We have seen several solutions proposed over the last couple of years to address these challenges, including various tools designed to identify and reduce bias, tools that anonymize user data, and programs to ensure that data is only collected with user consent. But each of these solutions is facing challenges of its own.
Now we’re seeing a new industry emerge that promises to be a saving grace: synthetic data. Synthetic data is artificial computer-generated data that can stand-in for data obtained from the real world. A synthetic dataset must have the same mathematical and statistical properties as the real-world dataset it is replacing but does not explicitly represent real individuals. Think of this as a digital mirror of real-world data that is statistically reflective of that world. This enables training AI systems in a completely virtual realm. And it can be readily customized for a variety of use cases ranging from healthcare to retail, finance, transportation, and agriculture.
Over the last few years, there has been increasing concern about how inherent biases in datasets can unwittingly lead to AI algorithms that perpetuate systemic discrimination. In fact, Gartner predicts that through 2022, 85% of AI projects will deliver erroneous outcomes due to bias in data, algorithms, or the teams responsible for managing them.
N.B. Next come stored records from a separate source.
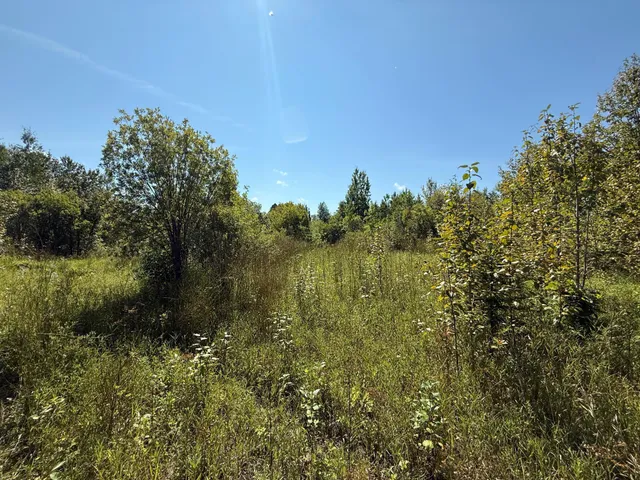 $99,000 | 11 (parcel A) Loman Mn 56654, Loman, MN 56654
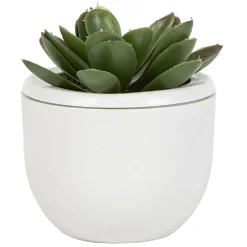 Mini plante décorative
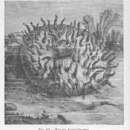 Sivun Fungia fungites (Linnaeus 1758) kuva
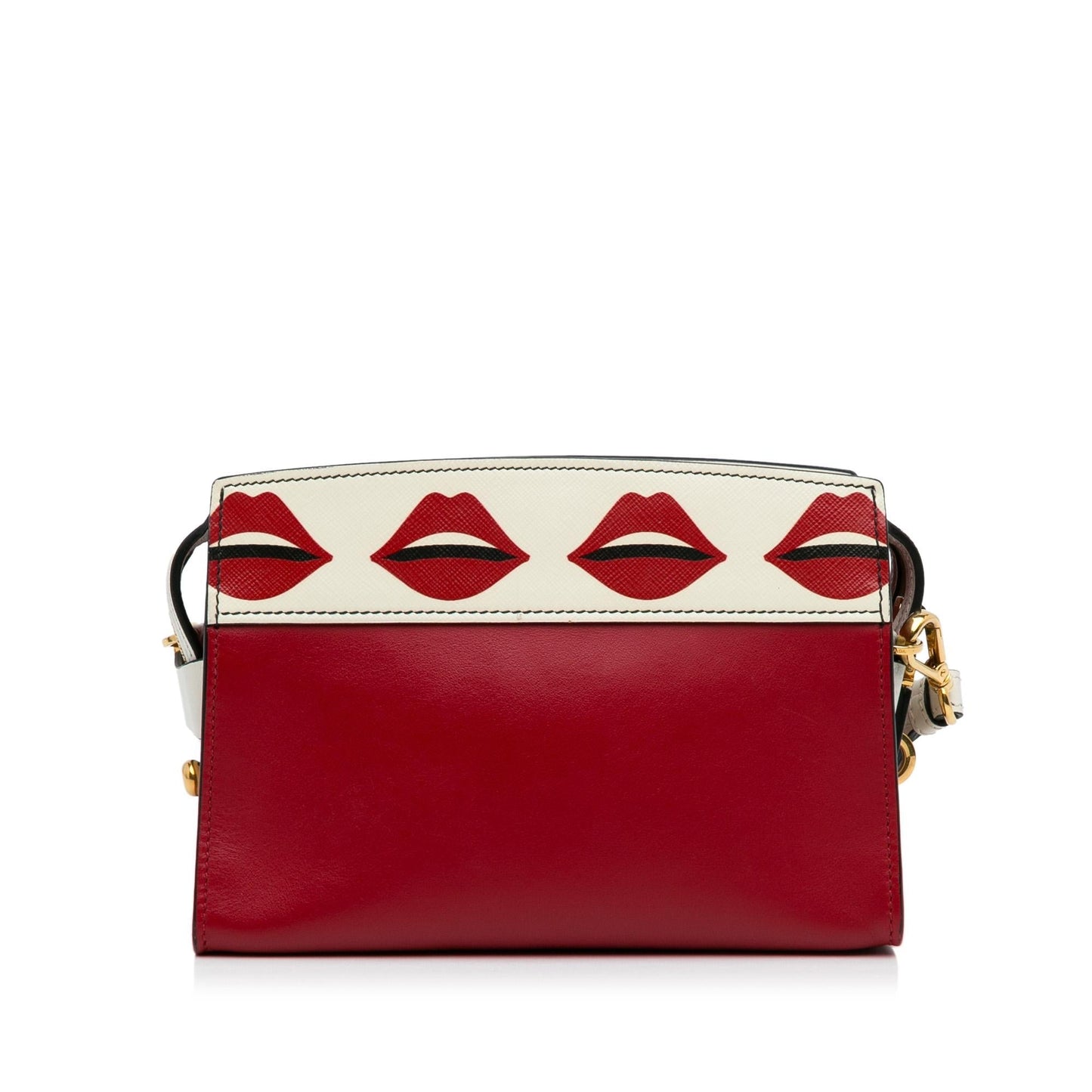 Prada City Calf and Saffiano Lip Print Esplanade (SHG-swq2sE)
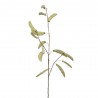 VARA JUDIAS X 3 90CM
One alternative often used to offset privacy concerns is anonymization. Personal data, for example, can be anonymized by masking or eliminating identifying characteristics such as removing names and credit card numbers from ecommerce transactions or removing identifying content from healthcare records. But there is growing evidence that even if data has been anonymized from one source, it can be correlated with consumer datasets exposed from security breaches. In fact, by combining data from multiple sources, it is possible to form a surprisingly clear picture of our identities even if there has been a degree of anonymization. In some instances, this can even be done by correlating data from public sources, without a nefarious security hack.
Synthetic data promises to deliver the advantages of AI without the downsides. Not only does it take our real personal data out of the equation, but a general goal for synthetic data is to perform better than real-world data by correcting bias that is often ingrained in the real world.